=== RECORDS FOR PROCESSING ===

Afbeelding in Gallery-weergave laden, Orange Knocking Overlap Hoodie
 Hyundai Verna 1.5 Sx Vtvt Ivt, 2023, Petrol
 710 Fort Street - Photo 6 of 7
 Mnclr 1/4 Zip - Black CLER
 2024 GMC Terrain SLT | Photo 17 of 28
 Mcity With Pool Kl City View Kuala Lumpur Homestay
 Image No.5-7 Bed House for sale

===

WHAT YOU NEED TO DO
Find every line above that contains the word "Photo", and return each one.

WRITTEN RESPONSE
 710 Fort Street - Photo 6 of 7
 2024 GMC Terrain SLT | Photo 17 of 28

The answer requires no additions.